Çünkü onları amaçlarına ulaştıracak en uygun araç, üretilmiş algılardır. Ve en büyük güç de kışkırtılmış kitlelerdir.

Bu süreçte ötekileştirilen, ezilen, bedel ödeyip aclar çeken fakat buna rağmen kışkırtılıp saldırganlaşanlar da vardır. Kandırılmış bu insanları kazanmak yerine, onları iflah olmaz ötekiler, "karnını kaşıyanlar" olarak görenlerimiz de...

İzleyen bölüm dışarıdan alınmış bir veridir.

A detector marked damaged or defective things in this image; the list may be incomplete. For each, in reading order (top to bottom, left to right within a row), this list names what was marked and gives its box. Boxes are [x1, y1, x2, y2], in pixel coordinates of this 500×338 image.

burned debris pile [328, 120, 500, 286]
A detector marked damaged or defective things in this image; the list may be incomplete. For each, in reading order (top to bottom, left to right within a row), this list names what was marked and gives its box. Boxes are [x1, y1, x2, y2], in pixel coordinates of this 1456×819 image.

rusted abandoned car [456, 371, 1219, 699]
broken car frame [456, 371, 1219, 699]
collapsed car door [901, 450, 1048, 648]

Eğer insanlar; yaşam tarzları, inançları ve kişilikleri ile birlikte kabul edilirse… Onlarla selamlaşır, tanışır, konuşur, duygudaş olunursa… Onların kendileri ile yüzleşip, gerçeğe ulaşmalarına yardım edilirse… Ve onlarda, kendilerinin bir araç olarak kullanıldığı farkındalığı sağlanırsa… Ancak o zaman birlik olup çoğalır, güçlenir ve zalime dur diyebiliriz. Böylesi daha olası ve daha anlamalı olmaz mı?

***
16 Nisan Referandumu:

15 Temmuz'u kendileri için  “Allah’ın bir lütfu” olarak görenler, OHAL+KHK+Devlet güç ve imkânlarıyla “Tek Adam” rejimini kurmak üzere “Evet” deme taraflısı oldular. Karşılarında ise sadece kendi öz güçleri ile  “Demokrasi”yi savunanlar var.

Çok değil sadece 16 gün sonra halkımız “Evet/Hayır kararı verecek.

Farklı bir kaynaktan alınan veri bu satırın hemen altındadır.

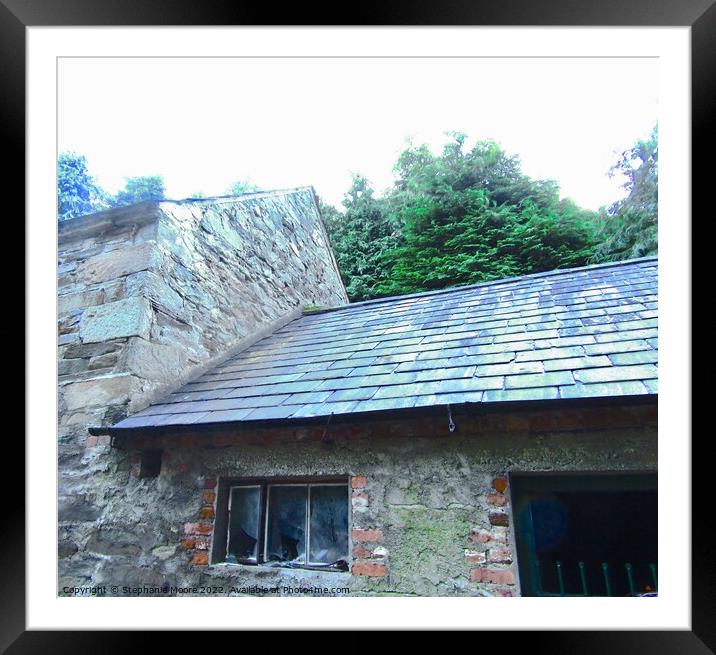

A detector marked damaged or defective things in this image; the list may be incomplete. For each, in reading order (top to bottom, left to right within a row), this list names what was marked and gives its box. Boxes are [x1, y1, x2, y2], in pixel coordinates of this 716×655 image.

broken window pane [227, 486, 260, 564]
broken window pane [264, 486, 306, 564]
broken window pane [310, 484, 348, 568] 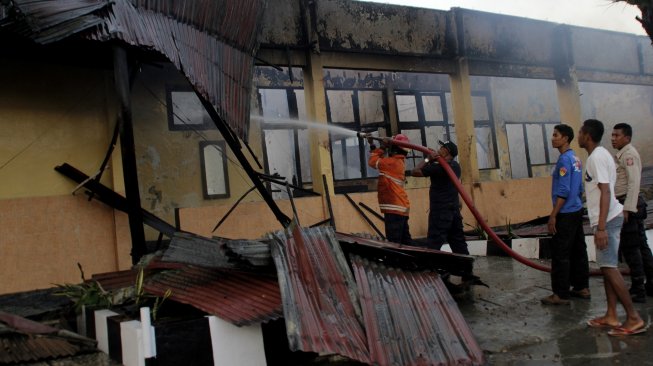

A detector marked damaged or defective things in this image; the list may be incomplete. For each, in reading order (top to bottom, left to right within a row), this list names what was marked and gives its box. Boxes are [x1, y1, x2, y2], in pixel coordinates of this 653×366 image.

damaged roof [1, 0, 268, 139] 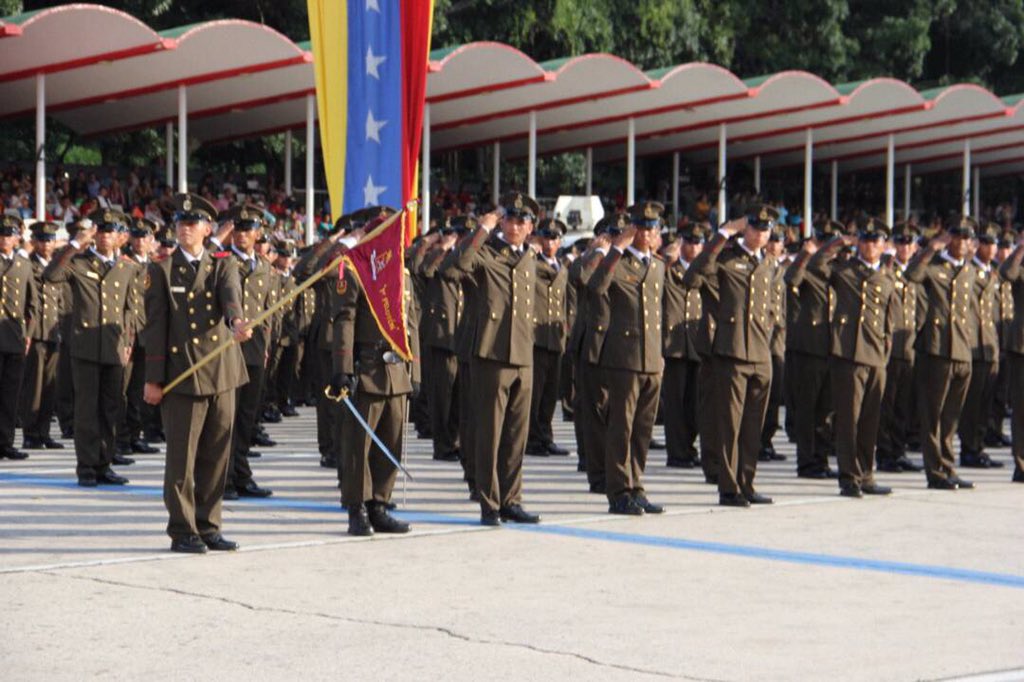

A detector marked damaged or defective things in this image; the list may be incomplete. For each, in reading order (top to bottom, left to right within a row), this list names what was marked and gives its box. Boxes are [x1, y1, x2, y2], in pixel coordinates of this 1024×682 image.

crack in pavement [46, 569, 720, 675] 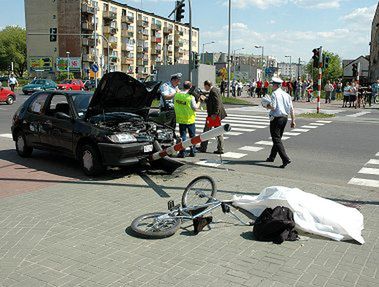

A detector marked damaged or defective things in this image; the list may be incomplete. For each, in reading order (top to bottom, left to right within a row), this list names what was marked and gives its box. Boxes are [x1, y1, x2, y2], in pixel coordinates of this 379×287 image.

damaged car front [78, 72, 177, 176]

İktidarda olanlar yıllardır; “mağdurum da mağdurum” deyip durdular. Sonra (aynı yolda birlikte yürümek için) “Her istediklerini verdik” dedikleri, daha fazla isteriz deyip,  çelmeler takmaya başlayınca da birlikleri bozuldu. Bu kez, “Bilemedik kandırıldık, Allah bizi afetsin” dediler.

Şimdi bu kandırıldıkları için af dilemek zorunda kalanlar, olup bitenleri unuttular. Ve çığlıklarını karşılıksız bıraktıkları milyonlardan oy istiyorlar!... 

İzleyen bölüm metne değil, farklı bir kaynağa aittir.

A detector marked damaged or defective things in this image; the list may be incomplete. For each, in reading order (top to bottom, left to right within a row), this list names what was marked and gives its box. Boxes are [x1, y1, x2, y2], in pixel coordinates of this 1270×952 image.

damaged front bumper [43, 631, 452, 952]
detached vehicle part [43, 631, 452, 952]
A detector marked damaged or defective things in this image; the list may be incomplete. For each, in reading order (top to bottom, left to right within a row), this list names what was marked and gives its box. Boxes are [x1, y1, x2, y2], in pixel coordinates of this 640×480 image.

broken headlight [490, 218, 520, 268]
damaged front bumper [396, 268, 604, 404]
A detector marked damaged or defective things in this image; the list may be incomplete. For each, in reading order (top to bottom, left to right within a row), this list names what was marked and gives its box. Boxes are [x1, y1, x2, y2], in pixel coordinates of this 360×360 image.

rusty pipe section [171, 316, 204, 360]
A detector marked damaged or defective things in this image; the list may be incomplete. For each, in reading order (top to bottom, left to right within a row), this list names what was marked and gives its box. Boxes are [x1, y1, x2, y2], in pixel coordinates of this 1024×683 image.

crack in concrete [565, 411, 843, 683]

Peki, şimdi bu halk, sık sık kandırılan birilerine nasıl güvensin? 

Karar verilecek de, acaba ortam/hava ne durumda? (Biliyorum siz yüzlerce neden sıralayabilirsiniz, fakat ben sadece iki örnekle yetineceğim.):

  1. TRT haber kanalında (TRT kamu (?) kanalı): 1-22 Mart tarihleri arasında yapılan program ve haber bültenlerinde Cumhurbaşkanı: 1390 dakika, AKP ve hükümet: 2 bin 723 dakika, CHP: 216 dakika, MHP:48 dakika, HDP’ye ise sadece 1 (bir) dakika süre ayrıldığı belirlenmiş. İşte bravoooo!... dedirten eşitlik; 4.161 dakika “Evet” ve 217 dakika “Hayır” diyerek sağlanmış.
  2. Tarafsız ve herkesin cumhurbaşkanı olacağına dair yemin ederek söz veren Sn. Erdoğan; kamuya ait (herkese ait)  makam ve imkânları kullanarak “Evet” taraflısı olarak meydanlarda, ekranlarda, her yerde… Oralarda da (tarafsız ve eşitlikçi (!) biri olarak) “Hayır” diyecek olanlara sıfatlar yakıştırıp bağırıyor, çağırıyor…

Peki, bu iki örnek ve sizin ekleyebileceğiniz yüzlerce örnek acaba hangi yasaya, hangi hukuka ve hangi etik kurala uygundur?